Rápidamente, Saladino se convirtió en el dueño y señor de Egipto, circunstancia que aprovechó, en 1171, para suprimir el califato fatimí de El Cairo, acabando así al mismo tiempo con el cisma religioso y reunificando todo el Oriente Próximo bajo la fe sunita, lo que los templarios querían evitar a toda costa.

La Orden buscaba de forma permanente soluciones de paz duraderas, pero ¡con dificultades! A mediados del siglo XIII, Armand de Périgord podía escribir al Maestre de la Orden en Inglaterra:

“El sultán de Damasco y el señor del Krac han devuelto inmediatamente al culto cristiano todo el territorio de este lado del Jordán, salvo Nabulus, San Abraham y Beissen. No cabe duda de que esta situación feliz y próspera podría durar largo tiempo si los cristianos de este lado del mar quisieran a partir de ahora aceptar esta política. Pero, ay, cuántas gentes en esta tierra y en otras partes nos son contrarias y hostiles por odio y por celos. Por ello, únicamente nuestro convento y nosotros, con la ayuda de los prelados de la Iglesia y de algunos pobres barones de la tierra que nos ayudan como pueden, aseguramos la carga de la defensa”.

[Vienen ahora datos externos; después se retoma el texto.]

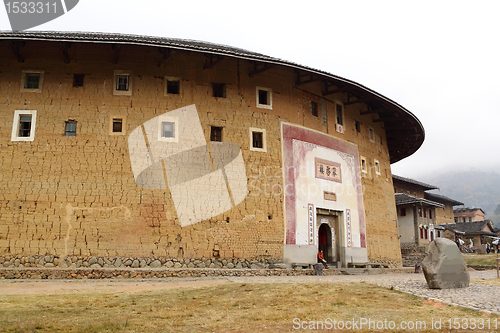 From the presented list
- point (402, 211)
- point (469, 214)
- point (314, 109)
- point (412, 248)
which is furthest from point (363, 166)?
point (469, 214)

Los reyes, tras haber galleado; dando lecciones a todo el mundo, a imitación de san Luis, regresaban a Europa salvo si habían perdido la vida sobre el terreno, de…enfermedad. A los templarios no les quedaba entonces más remedio que hacer frente a las consecuencias catastróficas de las campañas de los soberanos y reconstruir pacientemente y con tesón lo que el orgullo regio había destruido. Verdad es que no conviene generalizar, pero en principio aquellos que no hacían más que cruzar a Oriente, con ocasión de una cruzada, resultaban más perjudiciales que útiles y, por si fuera poco, despreciaban a quienes vivían en el lugar y habían adoptado a veces algunas costumbres locales.